- Directed by: Elmo De Witt
- Written by: Wilbur Smith
- Based on: novel Uit oerwoud en vlakte by Sangiro
- Starring: Jack Hawkins
- Production company: Kavalier Films
- Release date: 1972;
- Running time: 90 mins
- Country: South Africa
- Language: English

= The Last Lion (film) =

The Last Lion is a 1972 South African action film directed by Elmo De Witt and starring Jack Hawkins, Karen Spies and Dawid Van Der Walt. The screenplay was written by Wilbur Smith, one of his rare original screenplays. He used a similar story later on in his novel A Time to Die.

==Plot==
Ryk Mannering, a terminally ill American millionaire, goes to Africa on a final hunting expedition to track down and shoot a male lion. This lion has always eluded Mannering, who has killed more than 80 lions, and become obsessed with the animal.

Mannering hires a private doctor to keep him alive, and pays a local hunter to track down the lion. When Mannering ruthlessly kills a lioness with cubs, he infuriates both the hunter and the doctor. But he drives them mercilessly to hunt down the male. In a fit of delirium he kills his quarry – and then collapses and dies himself.

==Poster tagline==
"For one it will be the last kill!"

==Cast==
- Jack Hawkins as Ryk Mannering
- Karen Spies as Doctor
- Dawid Van Der Walt as David Land

==Production==
Smith had already written one original screenplay and this was a later one. However he eventually realised he disliked writing scripts and focused on novels.
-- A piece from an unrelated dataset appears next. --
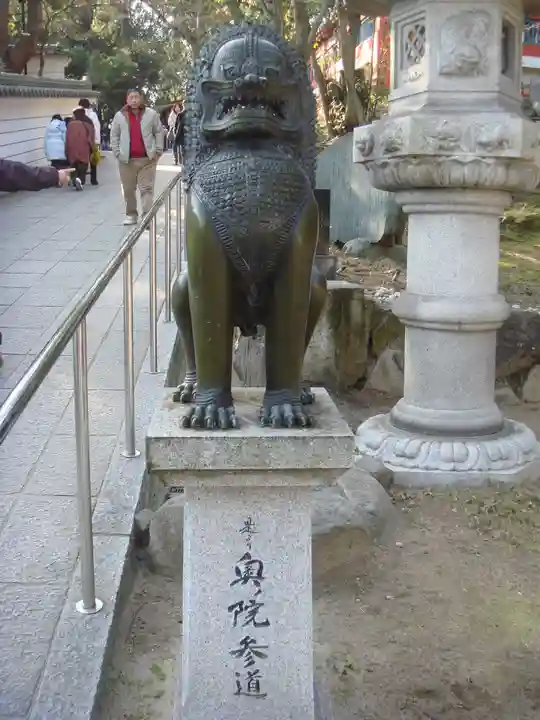 福祥寺(須磨寺)の狛犬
The film was based on a 1921 novel Uit oerwoud en vlakte by South African author Sangiro (a pen name for Andries Albertus Pienaar (1894 - 1979). The novel had been the subject of a plagiarism action by German author Frits Bronsart von Schellendorf.

Filming took place in December 1971 at Ossie Bristow's Le Rhone Ranch near Rhodesia.

==Release==
Copies of the film are preserved at the National Film, Video and Sound Archives, Pretoria, South Africa. www.national.archives.gov.za

The film has been released on DVD in February 2011.